Nature of Human Development

Competencies in the intrapersonal domain contribute significantly to students’ well-being, character development, and success.

Recently, the Boston-based Center for Curriculum Redesign (CCR) published a Character Qualities Framework that identifies six essential character qualities – mindfulness, curiosity, courage, resilience, ethics, and leadership. Facing the challenges of the 21st century requires a deliberate effort to cultivate in students personal growth and the ability to fulfill social and community responsibilities as global citizens. Often, non-academic, intrapersonal competencies such as perseverance, grit, tenacity, and a growth mindset have a strong relationship with an individual’s capacity to overcome challenges and achieve long-term success. These competencies are often linked to well-being and can be found in various competency frameworks under labels such as “Life and Career Skills” (P21), “Character Education” (Fullan), and “Lifelong Learning, Personal Management, and Well-being” (Alberta Education).

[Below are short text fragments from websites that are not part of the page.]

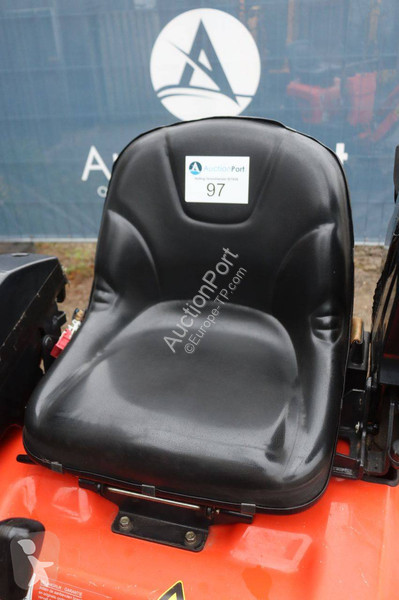 Pelle Kubota -5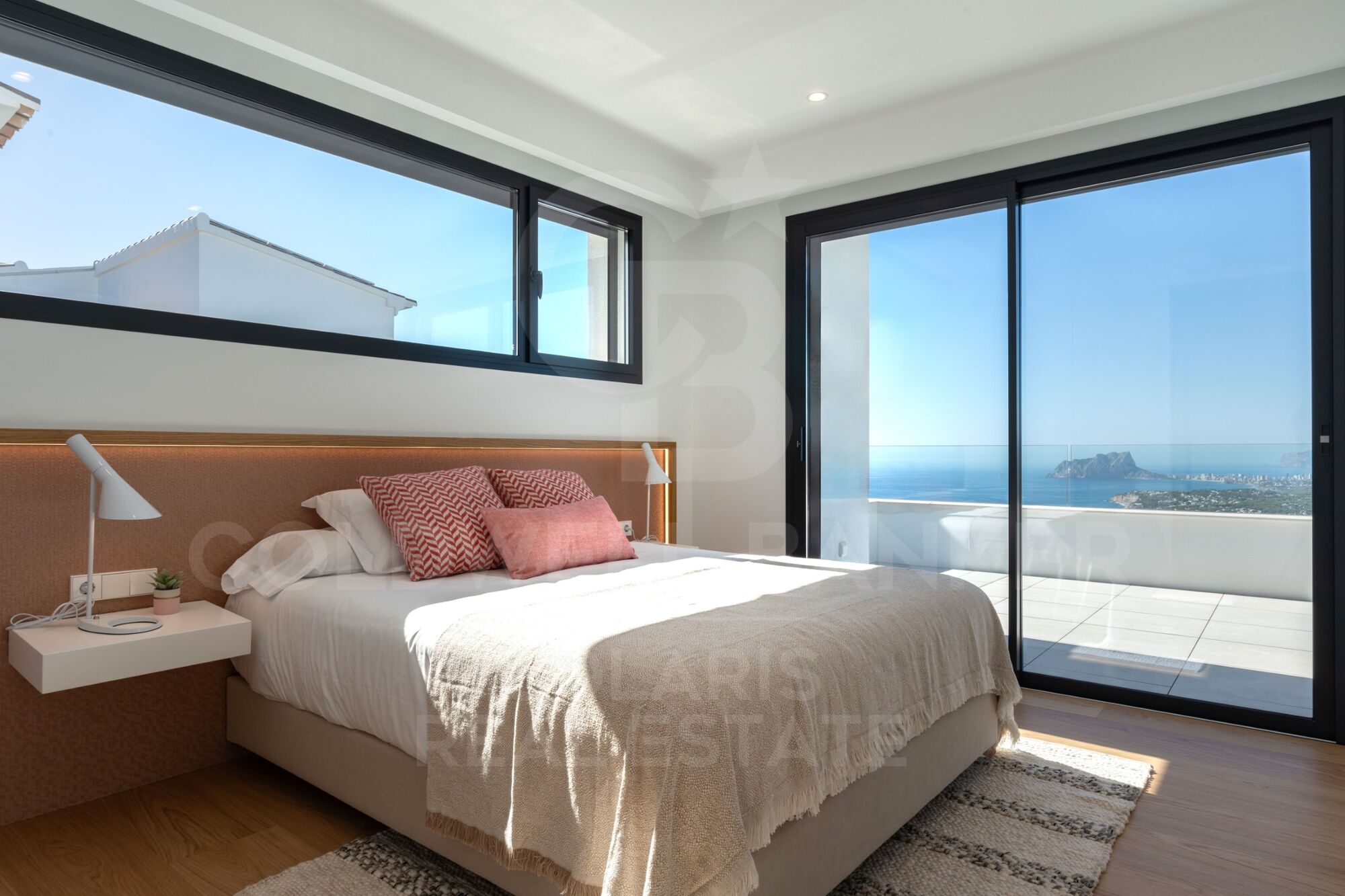 Villa Faro moderne Luxusvilla zum Verkauf in Residencial Jazmines Cumbre del Sol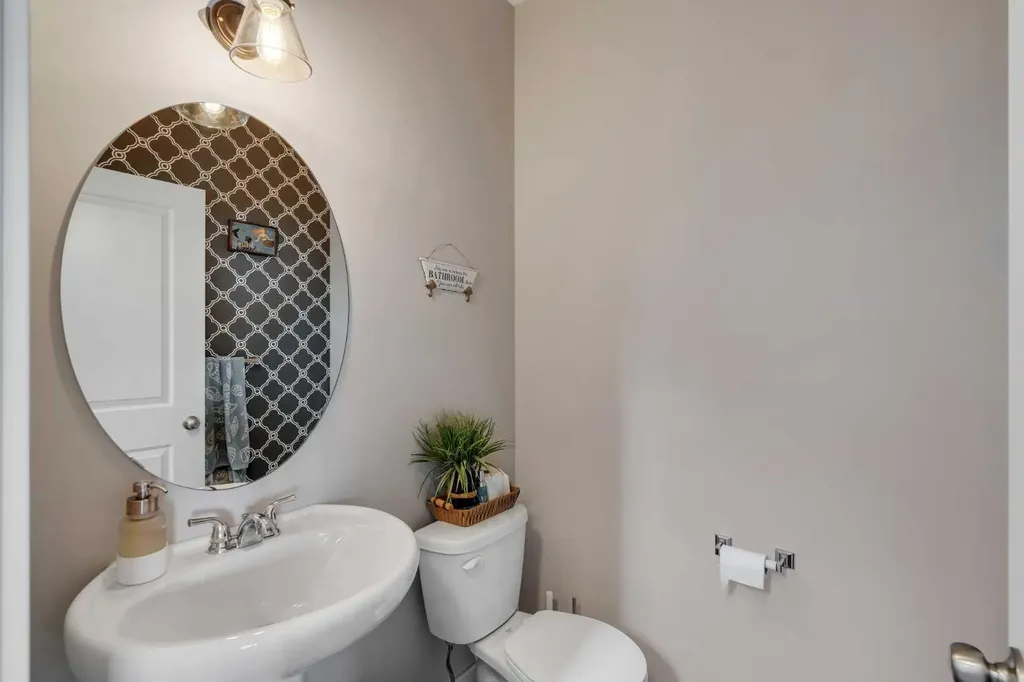 69 Kingsbridge Place SE Airdrie AB T4A 0S4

According to Paul Tough’s 2012 research on how children succeed, helping children at a young age to learn how to manage failure (in “child-sized adversity”) is important to building the self-confidence, self-regulation skills, sense of efficacy, and resilience that enable children to persist and overcome challenging circumstances. Research in the areas of innovation, entrepreneurship, and leadership also notes the importance of cultivating workforce capacities for risk-taking, perseverance, and managing for failure.

Research is under way to improve our understanding of how learning environments can more effectively support the development of competencies in the intrapersonal domain. Motivation and emotion play a central role in the development of intrapersonal competencies, and are also recognized as important determinants of thinking and learning. An understanding of the factors that influence motivation and emotion is therefore essential to providing a learning environment that promotes student success.

An OECD report found that “students’ learning goals and goals in life, their thoughts about their own competence…their attributions of academic success or failure on various potential causes, and their interests and hobbies all contribute to the complex interplay of cognition and motivation”. Research by Professor Carol Dweck (2010) shows that “students’ mindsets have a direct influence on their grades and that teaching students to have a growth mind-set raises their grades and achievement test scores significantly”. Understanding the growth mindset is key to addressing the needs of the whole child. Stepping Stones, Ontario’s resource on positive youth development, highlights the interrelated and interdependent nature of human development through the cognitive, emotional, social, and physical domains. These domains are affected by the environment or context in which the student lives, and all reflect the core sense of self/spirit.